First, the Fourth Circuit has held that a criminal defendant may be entitled to a Franks hearing when the affiant who secured a search warrant makes statements at trial that contradict the warrant affidavit. See United States v. White, 850 F.3d 667, 673 (4th Cir. 2017).  Because the Court here found that the defendant waived his Franks argument, it did not decide whether the Ninth would join the Fourth.  So this is still an open issue of first impression. 

Second, on the issue of questioning outside the scope of direct examination, the Court reminds us: "'[a]n opening statement . . . cannot operate to place an issue in controversy.' And statements made outside the presence of the finder of fact are no different."

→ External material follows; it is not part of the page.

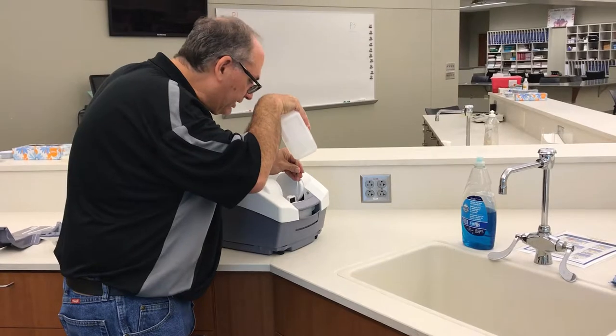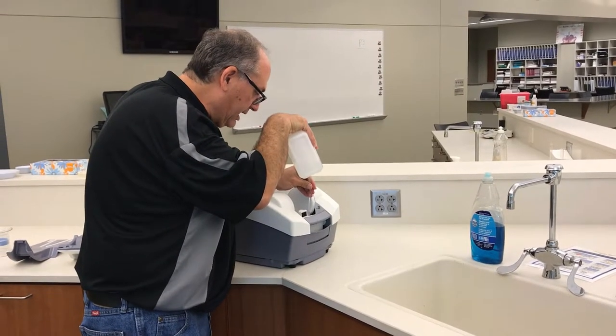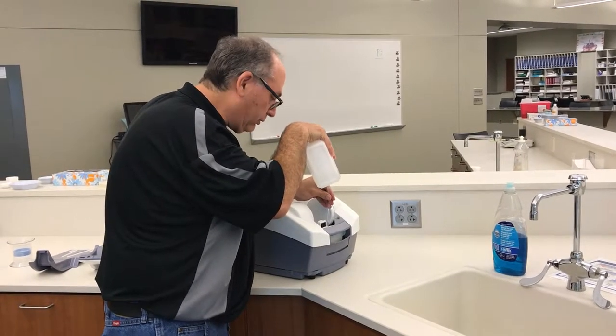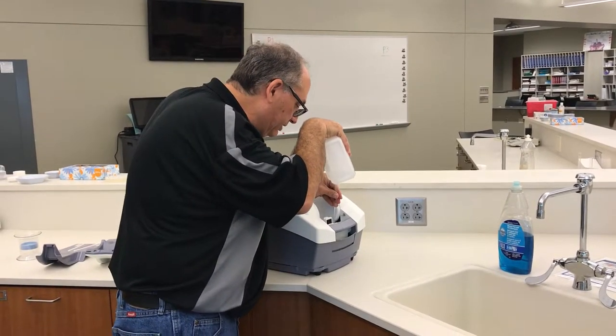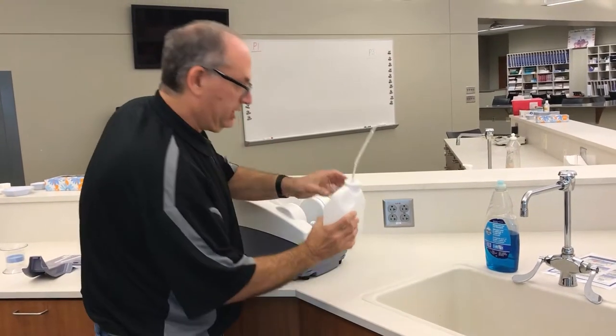This also emphasizes why it's extremely important — it's an expensive, sensitive device — that you never leave this machine in a car or let it get too cold. That water could freeze inside the machine and that would destroy it. So remember there is water in the machine at all times.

Third, the Court held, "[d]enying defendants the opportunity to redirect a witness regarding an improper testimonial statement introduced during cross-examination offends the Confrontation Clause."

Fourth, the Court rejected "the Government’s argument that because Rusnak called [his wife] as a witness, her testimony necessarily could not offend the Confrontation Clause. The Government does not point to any case barring the application of Crawford and its progeny to witnesses called by defendants. Crawford repeatedly discusses '[t]estimonial statements of witnesses,' without drawing the distinction the Government seeks."

There is lots more in the opinion.  It is worth a read.